You can also check the actual status of the machine, Here.

How to add/define a worker if it is missing from Taskcluster

If we cannot ssh into OSX nodes, we can try to restart them from Taskcluster.
But if they are not visible in the Taskcluster worker explorer, then you can create them using this version of quarantine script that will add/define a worker if it is missing.
After setting up the taskcluster cli and script run the following command : e.g. :python quarantine_tc.py --enable -p releng-hardware -w gecko-t-osx-1010 -g mdc2 t-yosemite-r7-449
After the steps above the worker explorer will show the machine and you can reboot it from there, using roller
If the issue is not fixed ( the machine does not take jobs and SSH is still not working ), create a bug for RelOps to physically reboot and reimage/netboot the machines.
If the restart fails, the Automatic Bug Generator will create a bug for RelOps.

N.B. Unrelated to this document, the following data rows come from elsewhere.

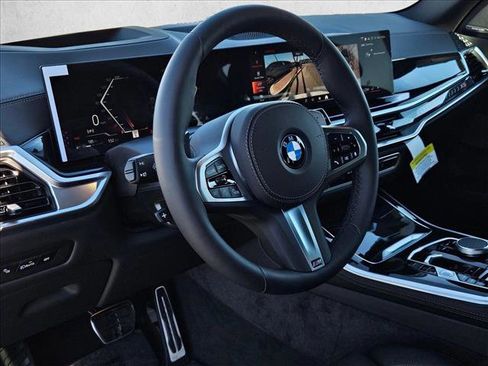New 2026 BMW X5 xDrive40i w/ M Sport Package image 3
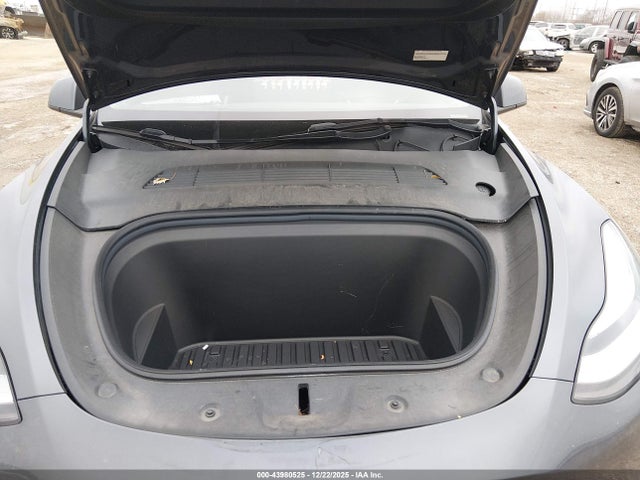 2023 TESLA MODEL Y 7SAYGDEE4PA041656 Photo 9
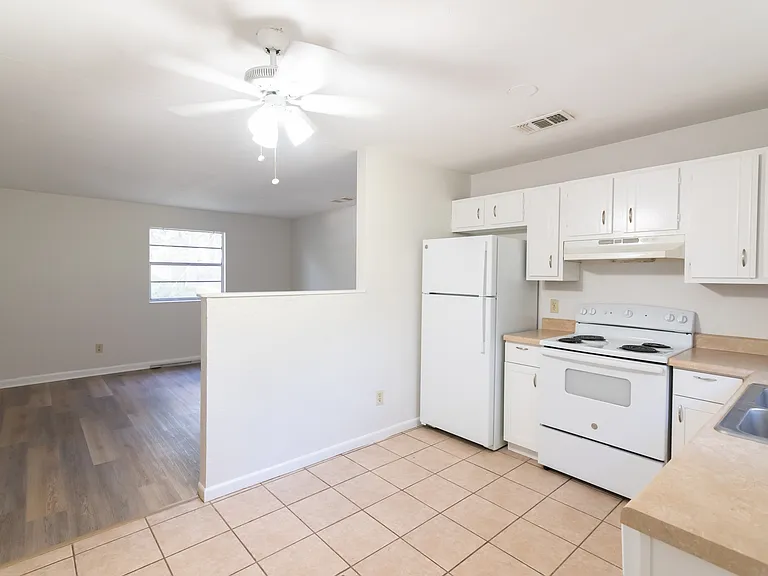 3741 Maria Cir — Photo 7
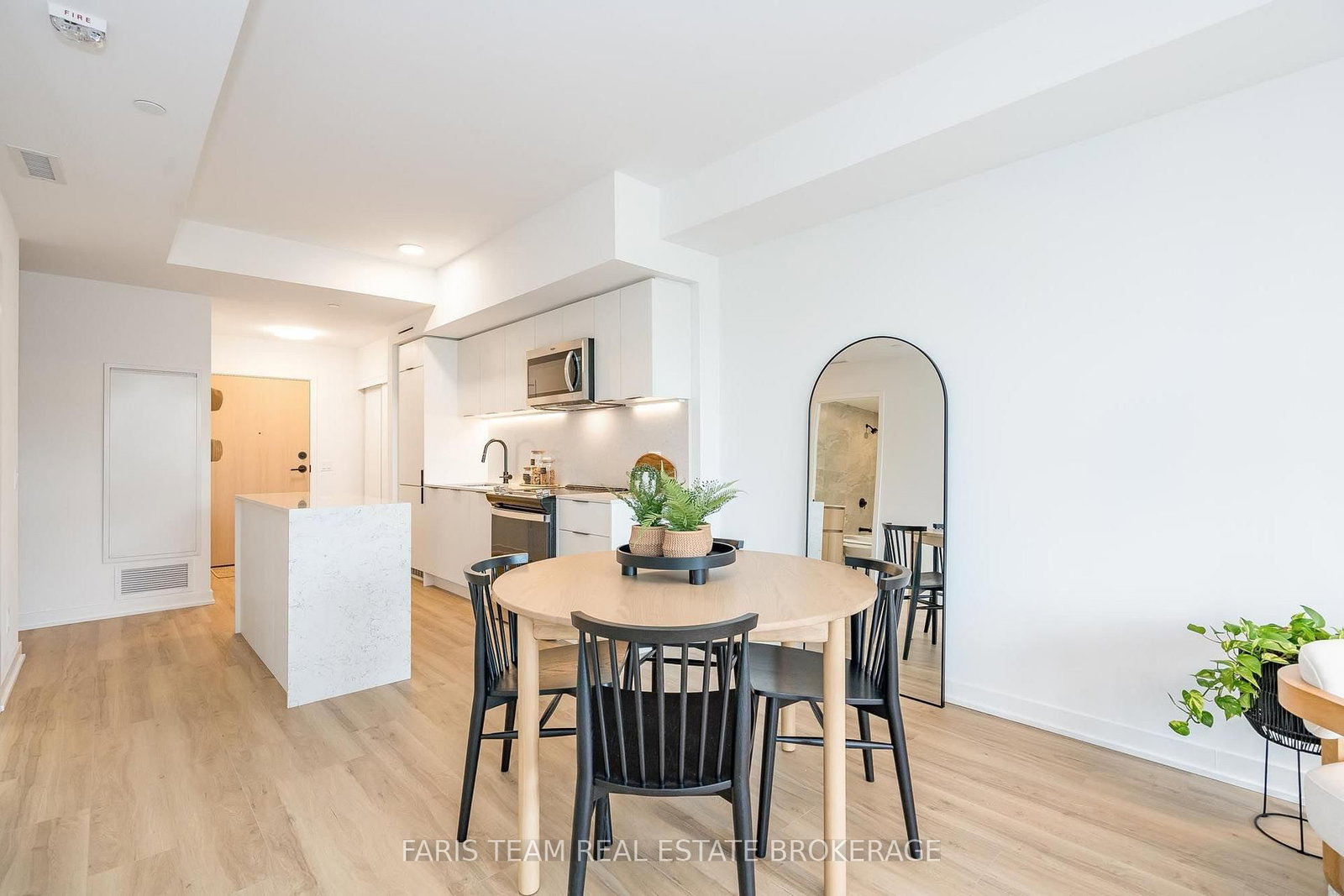 31 Huron Street • #209 • Collingwood, ON photo 14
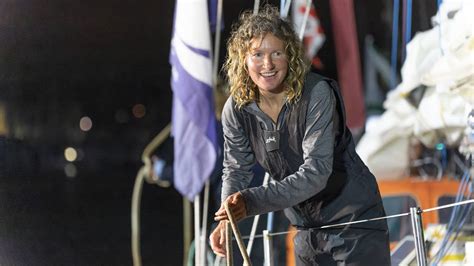 Kirsten Neusch Fer Wins The Golden Globe Race Youtube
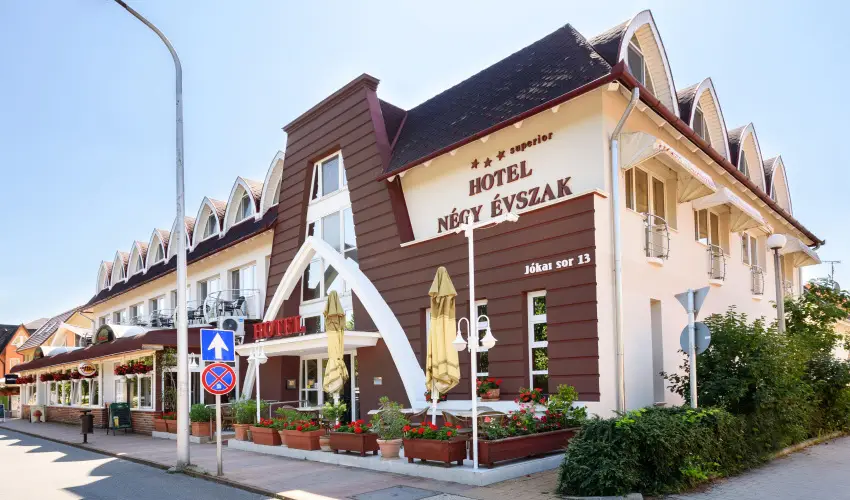Hotel Ngy vszak Hajdszoboszl - Szilveszter (min. 3 j)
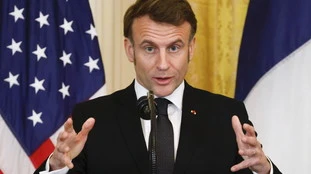 Emmanuel Macron straparla ancora a nome della Ue: "Trump, Dazi reciproci"
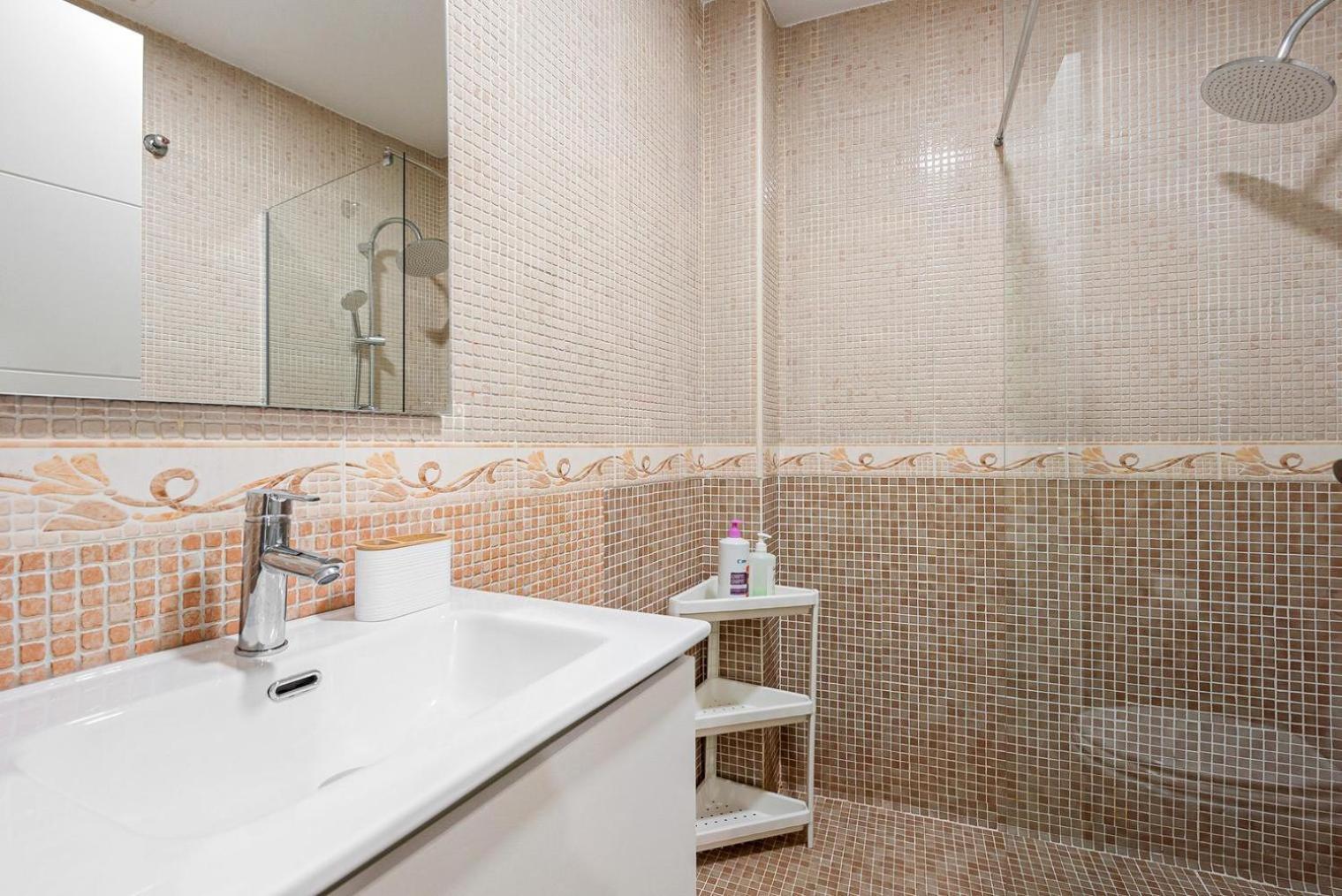 1 Bedroom Flat In Center * Malaga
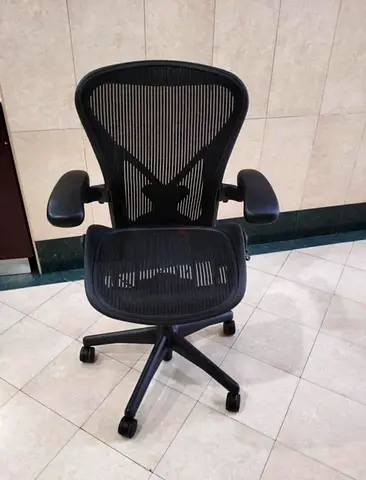 Aeron Herman Miller Office Chair| Rear and Forward Tilt Limiter| Adjustable Arms| Adjustable Posture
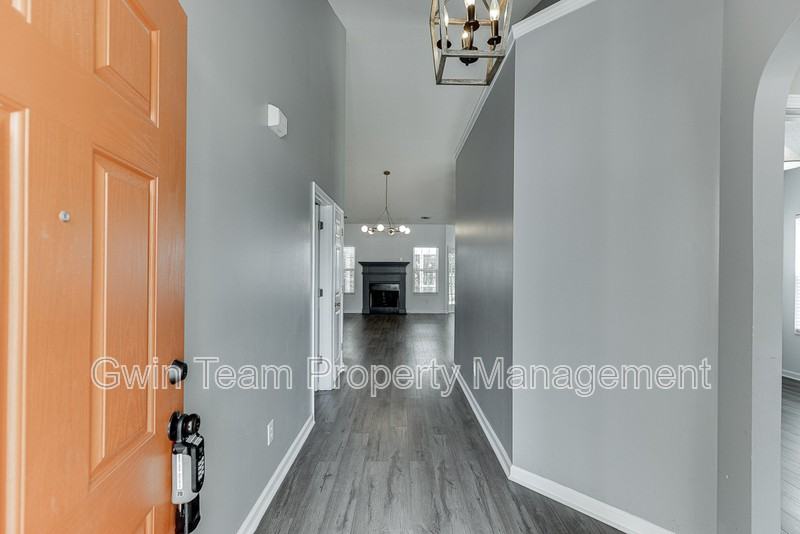 2464 Laurelfield Dr - Photo 3 of 46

No video on all cartridges from a chassis

If we see any connection problems to ilo, we can try the `reset cm` command to reset the ilo manager.

  • Connect to the moon-chassis using SSH connection
  • Run the following command reset cm

For more details check Bug 1504942

SSH not working
  • Check the Papertrail logs
  • Reboot it from Taskcluster. It may have old auth keys or not completed re-imaging
  • Create a tracking bug or update the existent one.